COMMENTARY | In light of his recent and continued struggles with the law and his former employers, along with the fact that Ashton Kutcher is set to replace him, rumor has it that Charlie Sheen is set to make a permanent departure from Two and a Half Men. With Sheen’s time up, series creator Chuck Lorre reportedly will have Sheen’s character, Charlie Harper, killed off, according to CBS. Not the first, and certainly not the last, TV character to die, and with Sheen’s character possibly driving off of a cliff (a more fitting metaphor I cannot think of), what other TV characters have died on their shows? My top three are:
Will Lee played the beloved shopkeeper on Sesame Street and was a big part of my early childhood. He was a friend to all and a kind, grandfatherly soul who operated Hooper’s Store, the gathering place on Sesame Street. After Lee suffered a heart attack and passed away in 1982, the writers wrote his passing into the script.

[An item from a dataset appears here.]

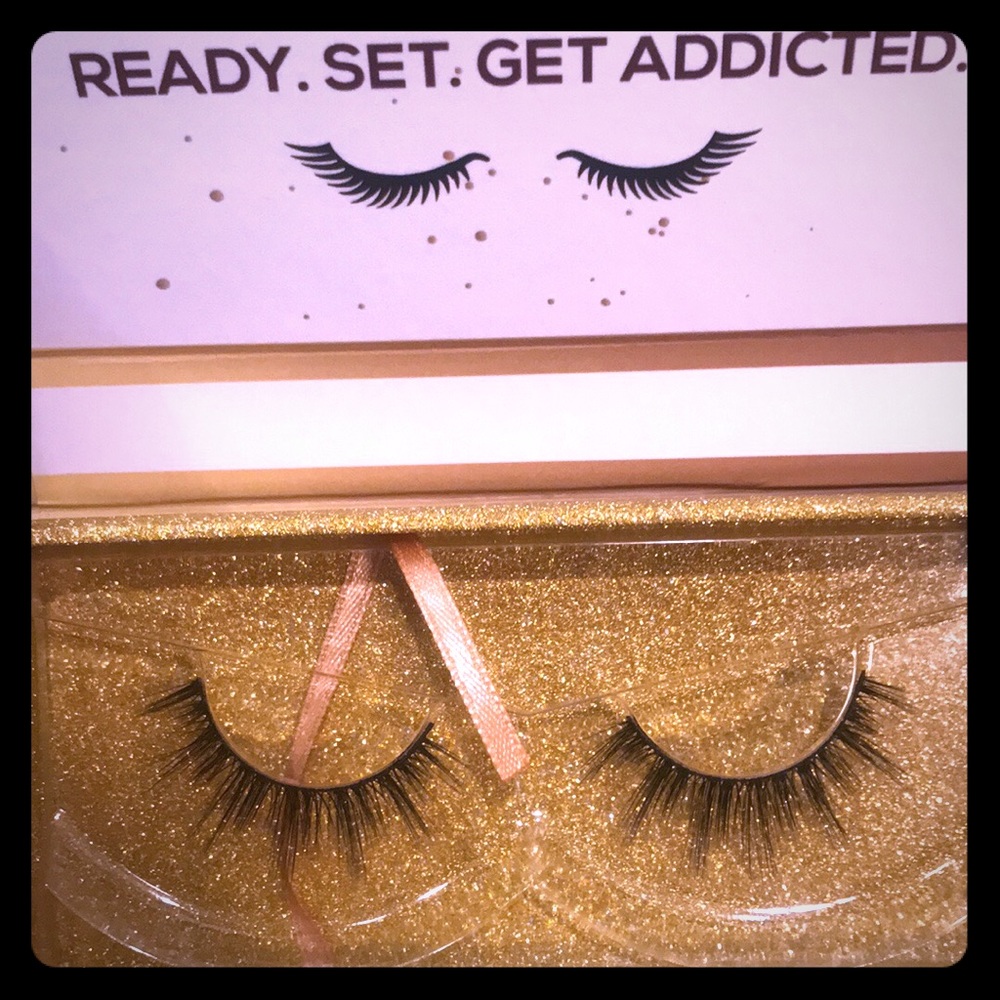 Eyelashes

Maria, Susan, Bob, and the others explained what happened to Big Bird, who was especially close to Mr. Hooper. The Sesame Street crew addressed his death in an honest and open manner, explaining that just because Mr. Hooper was never coming back didn’t mean that he was gone from your heart or your memory. I was a teenager when Lee passed away and hadn’t watched the show for a few years, but some characters and memories stick with you forever.
Dr. Mark Greene
When Anthony Edwards decided his time was up on ER, so it was for his character, Dr. Greene, as well. After a prolonged battle with cancer, Dr. Greene died of a brain tumor at the end of season 8. Among other plots, that season’s storyline documented Green’s battle with the disease, his treatment protocol, and the effect on him and his family. Having recently lost two relatives to cancer, it was a poignant, emotional story to follow. I thought the final scene, with him passing away in Hawaii, was a nice touch — in paradise, with your family by your side, “Somewhere over the Rainbow” playing in the background. We should all be so lucky.
Only Seinfeld could pull this off. George Costanza had second thoughts and cold feet about marrying his fiancé, Susan, ever since they became engaged. A cheapskate by anyone’s standards, George buys discontinued, discount invitations and envelopes for their wedding. Why were the invitations discontinued? The glue on the envelopes is toxic! Naturally, Susan is addressing and licking the envelopes when she is overcome by the toxin in the glue, passes out, and dies. In the cast’s typical narcissistic fashion, there are no tears: George looks confused yet relieved, Kramer calls her “Lily,” and they go grab some food. Only Seinfeld can make death funny.